> What you are asked to do: Each entry should be set down exactly as written, except for any picture it holds.
Segment Open
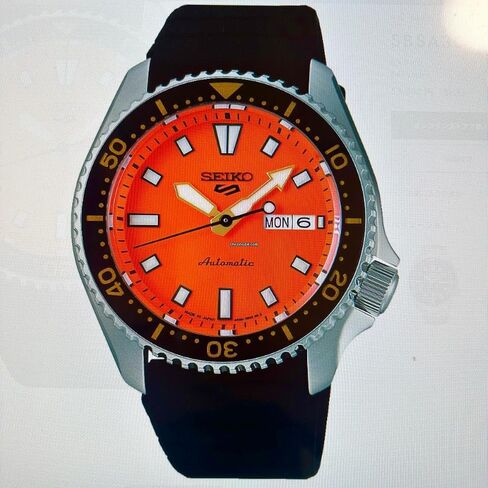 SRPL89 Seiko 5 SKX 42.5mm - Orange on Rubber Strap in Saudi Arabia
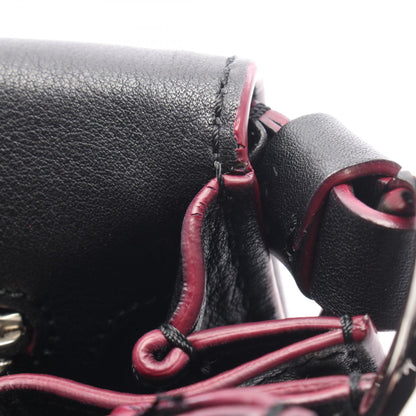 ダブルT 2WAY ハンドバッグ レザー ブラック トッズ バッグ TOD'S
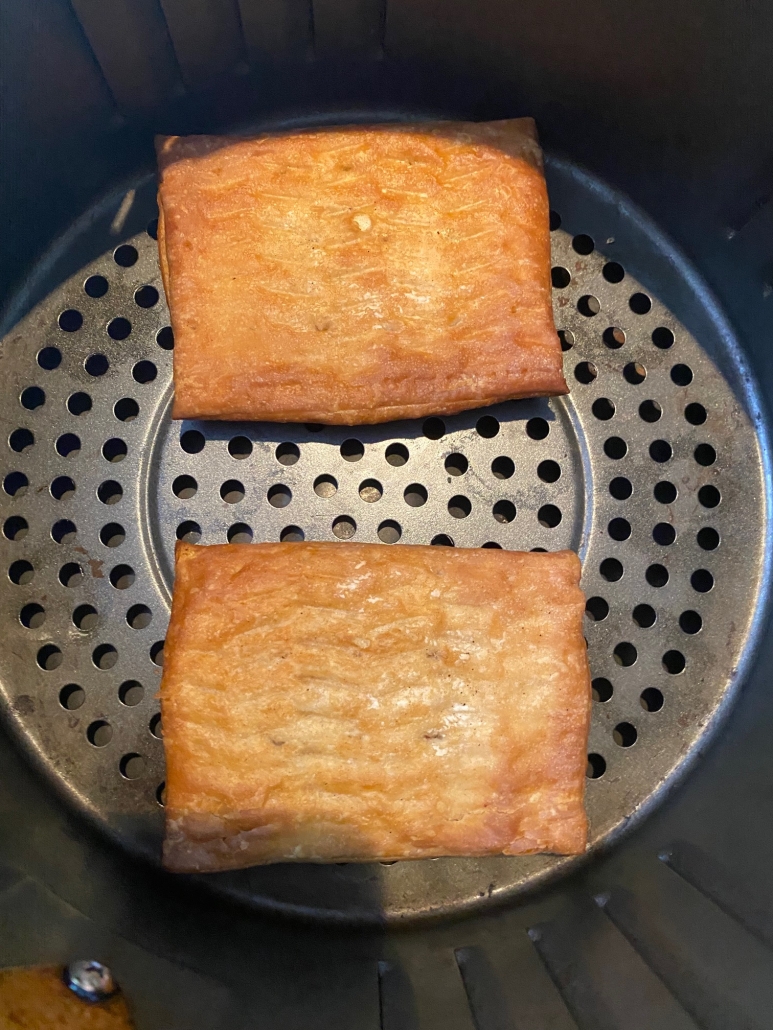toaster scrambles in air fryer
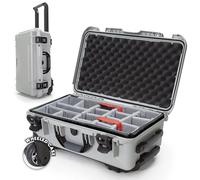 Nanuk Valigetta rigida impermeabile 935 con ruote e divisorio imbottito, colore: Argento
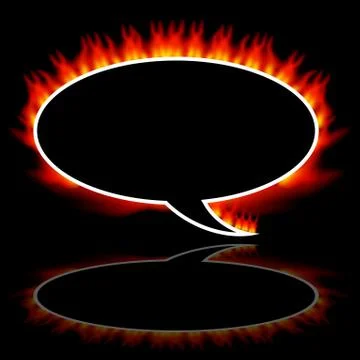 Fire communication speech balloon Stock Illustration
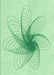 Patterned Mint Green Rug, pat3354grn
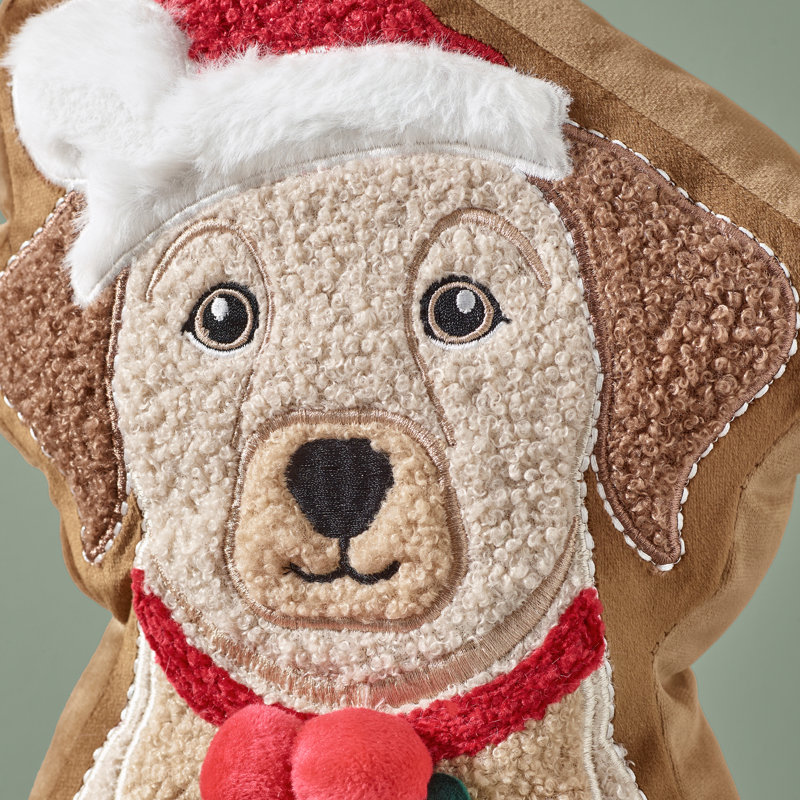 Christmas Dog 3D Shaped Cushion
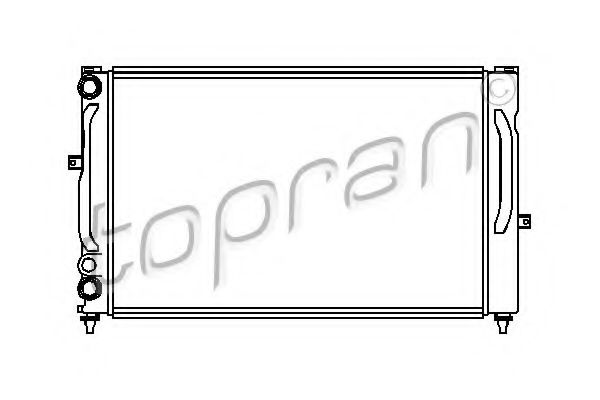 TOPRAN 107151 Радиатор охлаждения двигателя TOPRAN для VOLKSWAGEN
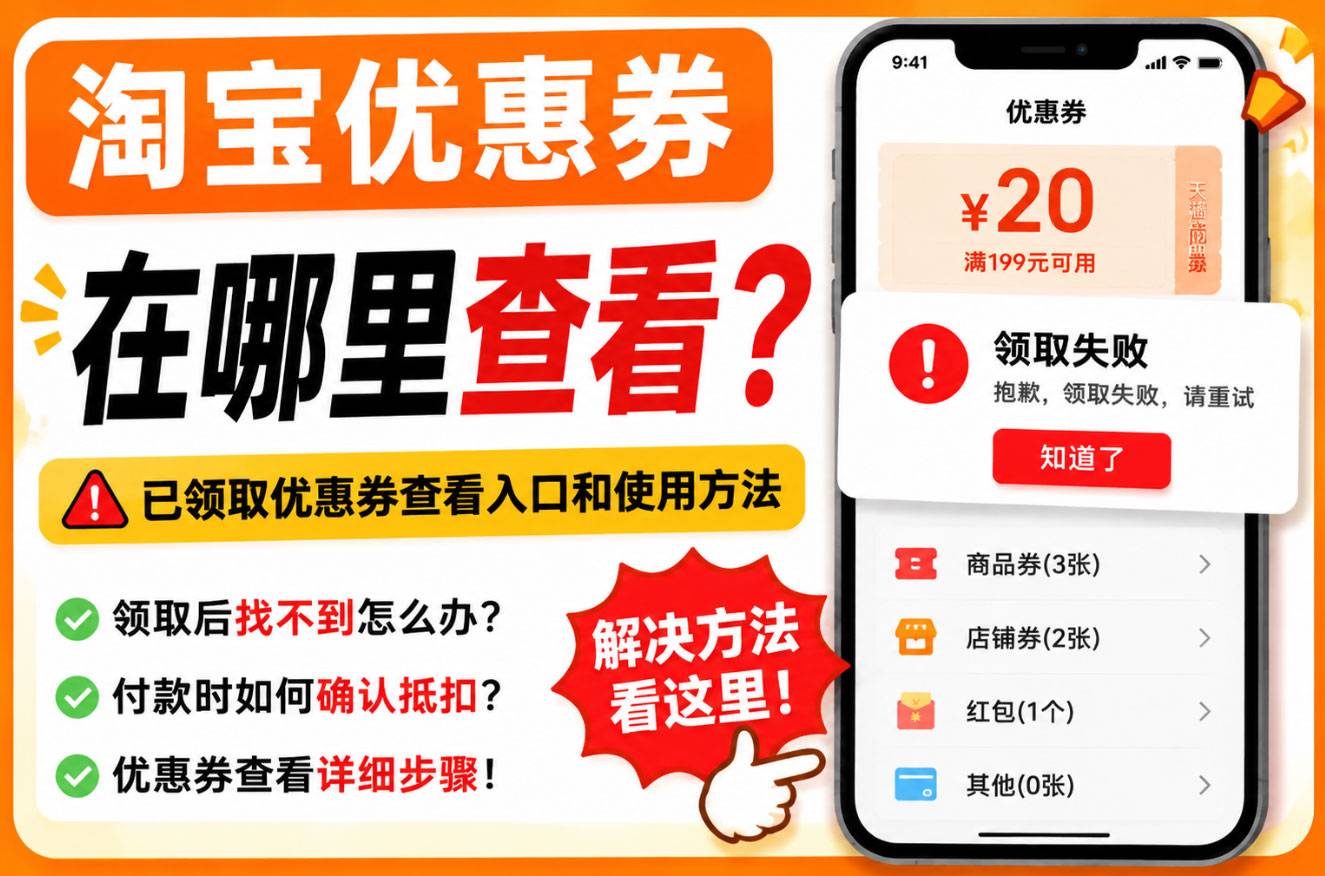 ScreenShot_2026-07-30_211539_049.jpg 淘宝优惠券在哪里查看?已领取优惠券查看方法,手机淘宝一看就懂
Segment Closed
> Exercise result:
 SRPL89 Seiko 5 SKX 42.5mm - Orange on Rubber Strap in Saudi Arabia
 ダブルT 2WAY ハンドバッグ レザー ブラック トッズ バッグ TOD'S
toaster scrambles in air fryer
 Nanuk Valigetta rigida impermeabile 935 con ruote e divisorio imbottito, colore: Argento
 Fire communication speech balloon Stock Illustration
 Patterned Mint Green Rug, pat3354grn
 Christmas Dog 3D Shaped Cushion
 TOPRAN 107151 Радиатор охлаждения двигателя TOPRAN для VOLKSWAGEN
 ScreenShot_2026-07-30_211539_049.jpg 淘宝优惠券在哪里查看?已领取优惠券查看方法,手机淘宝一看就懂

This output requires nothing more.